Is a solicitor dealing with the estate?
Is there a will?0 -
What the trustees of the family trust can do depends on the specifics of the trust. The person didn't lend the money, the trust did, and if they are a trustee they have to remember their legal duty to carry out the obligations of the trust. If they do not, the other beneficiaries of the trust will rightly be upset and may take action against them.
I expect that it'd be better to take the money back from the estate, if the estate has the money, then pay it out again to whoever they want to get the money.
Why is the loan technically repayable by the partner of the deceased? Was the partner a joint borrower with the deceased? Unless it was joint, with them actually having signed the loan agreement, then the partner has no legal liability at all for the loan. It'd be an obligation of the estate instead. The same applies to all other debts of the deceased, from mortgage to credit cards.
Be sure that you and all of those involved keep a very clear distinction between these legal entities, each of which has its own rights and obligations:
1. the estate (and any debts it's liable for).
2. the trust.
3. the trustees of the trust.
4. the executor(s) of any will, or whoever ends up as administrator.
5. the partner of the deceased. If there is no will, the partner would normally inherit nothing at all.

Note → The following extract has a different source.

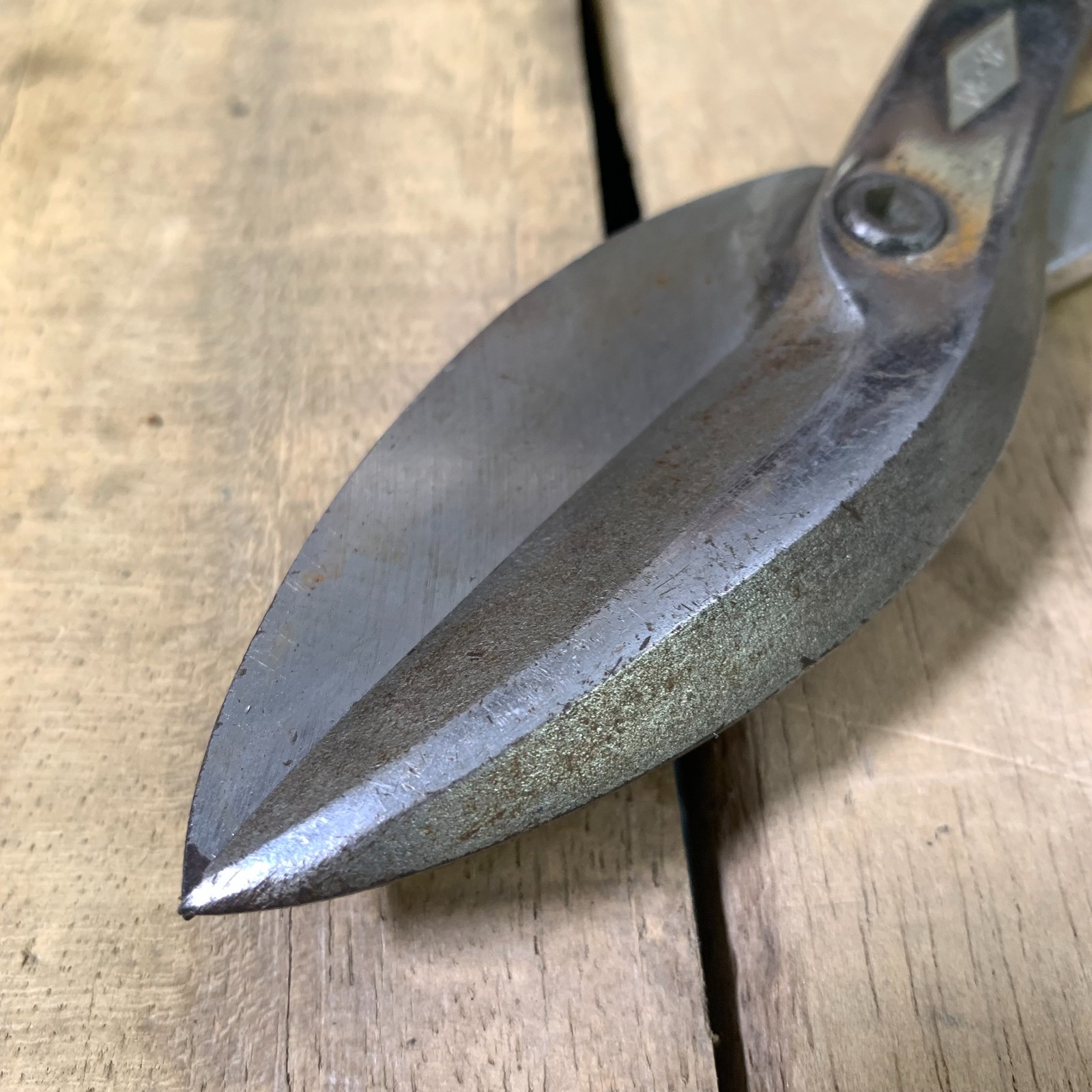 VINTAGE DIAMOND Tools DULUTH DS-12 TIN SNIPS USA 🇺🇸 Nice!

But may end up with partial control of money held in trust for the children.
6. the children of the deceased (who are likely to be the only beneficiaries of the estate if there is no will, given the absence of a legal wife, assuming that partner is not a legal civil partner)
7. any insurance, which is almost certainly written in trust and would normally be distributed outside the estate according to an expression of wishes made by the deceased in writing to the insurers. And that expression of wishes may need to be replaced by insurer trustee judgment if it didn't take into account the children.

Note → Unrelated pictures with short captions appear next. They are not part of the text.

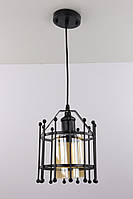 Люстра подвесная LOFT на 1 лампочку 25078 Черный 35-90х19х19 см. хорошее качество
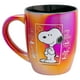 thumbnail image 1 of Tarro de Cerámica Iridiscente con Diseño Snoopy Tipo Comic, Peanuts, Taza para Bebidas Calientes, Capacidad 750 ml, Color Rojo, 1 of 4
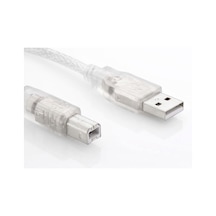 S-Link Sl-U2003 Usb 2.0 3 Metre Şefaf Yazıcı Kablosu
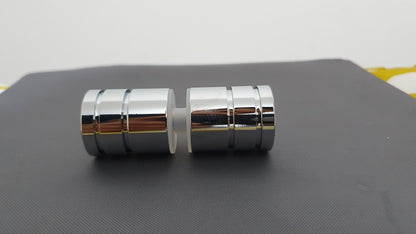 Micro 25mm & 32mm Shower Screen Door Knob Handle for 6 -12mm Glass -Satin/Chrome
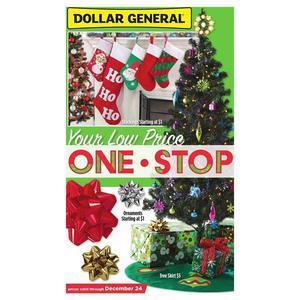 Dollar General 2016 Holiday Catalog Page 1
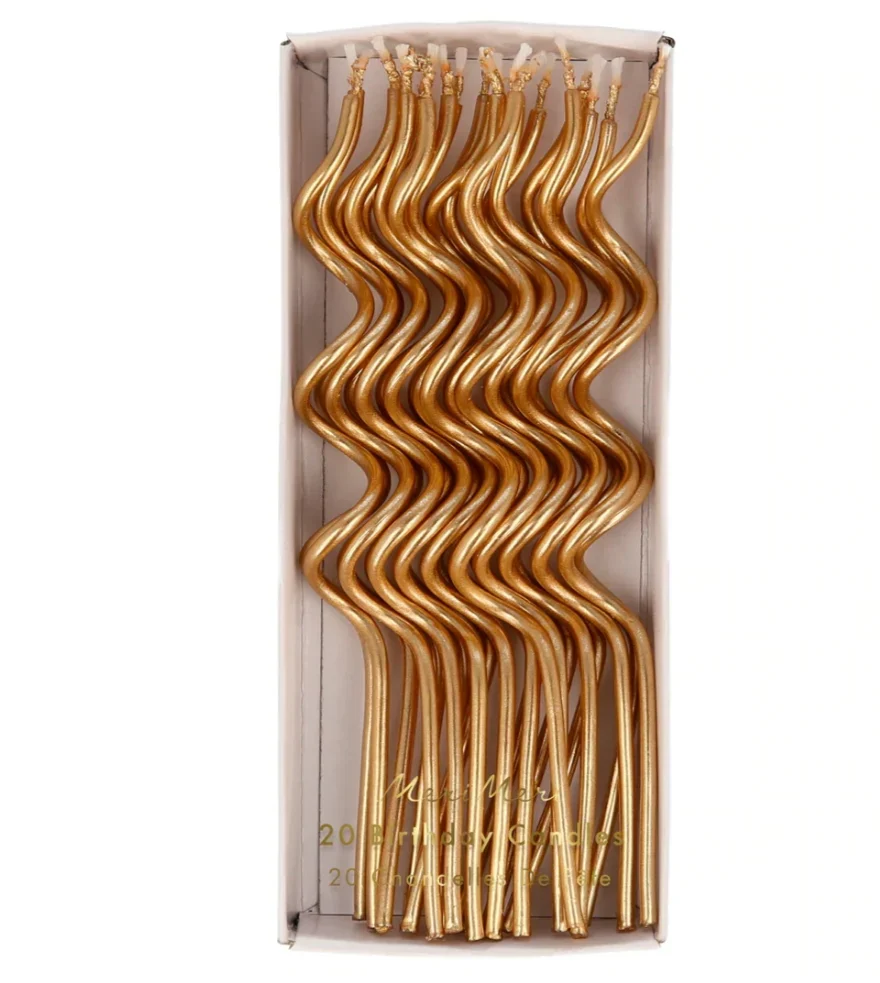 Velas de Oro Swirly - Imagen 2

8. any pension, which is very likely to have death benefits available that will be treated just like insurance.
Each of these has very specific rights and obligations and it's essential not to forget any of them.

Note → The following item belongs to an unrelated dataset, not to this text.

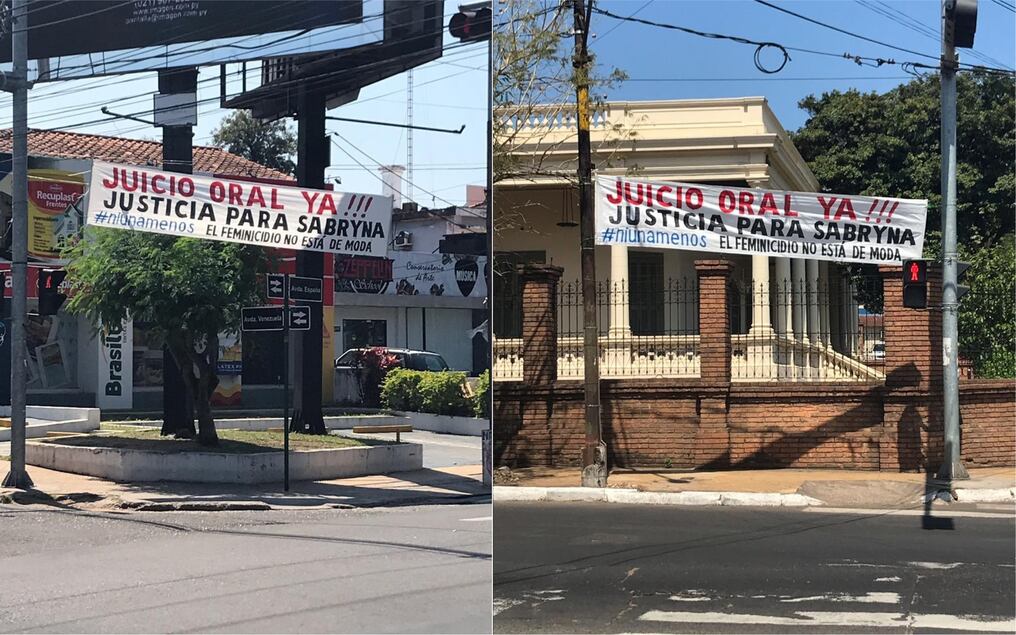 Más pasacalles de Ni Una Menos Paraguay. GENTILEZA.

If there was a will that didn't include the children, the children might well need to take action to protect their rights and seek some of the estate for themselves.
The partner can't be assumed to never remarry, so providing them with money isn't as effective as providing money in trust to the children. Sad stories of neglected children of first relationships after a second relationship has started abound, and without a trust to protect them the children may end up losing much of their proper inheritance. For this reason, the executor or administrator of the estate, if the will permits it, is likely to be advised to do this sort of thing.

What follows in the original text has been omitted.